Bill Paddock

Personal information
- Full name: William Paddock
- Date of birth: 6 February 1862
- Place of birth: West Bromwich, England
- Date of death: April 1938
- Place of death: West Bromwich, England
- Position(s): Winger

Senior career*
- Years: Team / Apps / (Gls)
- –1886: West Bromwich Unity
- 1886–88: West Bromwich Albion

= Bill Paddock =

English footballer

Bill Paddock (6 February 1862 – April 1938) was an English footballer who played as a winger and inside-left for West Bromwich Albion in the 1880s.

== Career ==
Paddock was born in West Bromwich and played for Christ Church School and West Bromwich Unity before joining West Bromwich Albion in 1886. His first competitive game for the club was in the first round of the 1886–87 FA Cup, a 6–0 win over Burton Wanderers in which he scored one of the goals. He was quickly reckoned to be a "valuable man in the left wing of the Albion; he quick and sure, and he is splendid shot for goal."

He was a regular in the side up to and including the 1887 FA Cup Final, in which he picked up a runners-up medal.
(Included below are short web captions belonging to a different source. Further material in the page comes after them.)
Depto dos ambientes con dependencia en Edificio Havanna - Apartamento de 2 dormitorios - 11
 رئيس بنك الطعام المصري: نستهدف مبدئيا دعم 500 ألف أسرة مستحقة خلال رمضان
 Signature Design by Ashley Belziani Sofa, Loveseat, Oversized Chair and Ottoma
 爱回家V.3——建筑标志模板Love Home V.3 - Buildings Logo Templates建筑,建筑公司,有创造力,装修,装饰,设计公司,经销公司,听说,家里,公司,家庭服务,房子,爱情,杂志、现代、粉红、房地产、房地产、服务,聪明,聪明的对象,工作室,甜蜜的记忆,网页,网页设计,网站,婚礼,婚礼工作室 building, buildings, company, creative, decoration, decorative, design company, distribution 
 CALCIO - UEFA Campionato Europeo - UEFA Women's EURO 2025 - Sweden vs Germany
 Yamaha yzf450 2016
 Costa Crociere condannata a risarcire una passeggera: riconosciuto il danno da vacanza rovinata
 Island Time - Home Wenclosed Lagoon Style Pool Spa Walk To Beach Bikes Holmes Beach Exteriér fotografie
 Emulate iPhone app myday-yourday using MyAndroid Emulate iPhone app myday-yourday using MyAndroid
It was one of three finals in which he appeared in the 1886–87 season; he scored in Albion's 4–0 win over Walsall Swifts in the final of the Staffordshire Senior Cup (the week after the FA Cup final), but was on the losing side against Long Eaton Rangers in the Birmingham Senior Cup.

Paddock was forced to retire from the game because of a knee injury after the 1887–88 season; although named as one of the club's registered professionals at the start of the season, he did not featured in any of the club's competitive matches.

==Family==

Bill's brother Jack was a player and trainer for West Bromwich Albion, and Jack's son John later played for the club.